A compartmental model for vector transmitted diseases: an application to Xylella fastidiosa

In 2016 the presence of the bacterium Xylella fastidiosa was detected in Majorcan almond trees
and was regarded as the causal pathogen agent of the mortality of these trees over the last fifteen
years. Xylella fastidiosa, being endemic of the Americas, is an insect-transmitted bacterium which
is considered one of the major threats to plants worldwide for its large number of hosts, strains
and potential vectors.

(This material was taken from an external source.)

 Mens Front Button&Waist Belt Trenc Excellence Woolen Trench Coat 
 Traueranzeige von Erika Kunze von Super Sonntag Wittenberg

By 2017 the reported incidence of the bacterium over Majorcan almond
trees was 79.5% ± 2.0, presenting a great danger to one of the historical crops of the Balearic
Islands. then, the aim of this project is to develop a first step on the study of this epidemic by
means of a deterministic compartmental (mean-field) model. In particular, we present a model
for the vector assisted transmission of the pathogen, performing an analytical and computational
analysis. The model incorporates the specific biological and epidemiological considerations of the
bacterium Xylella fastidiosa and its interactions with insects and hosts in Majorca Island. In our
work the vector (insect) population varies with time, mimicking the field observations. One of the
conclusions is that, in general, this temporal variation hinders the theoretical characterization of
epidemic thresholds. We show that only in the case that the vector population is all the time in its
stationary value, the epidemic threshold can be calculated using the standard techniques, and we
numerically characterize the value of this threshold.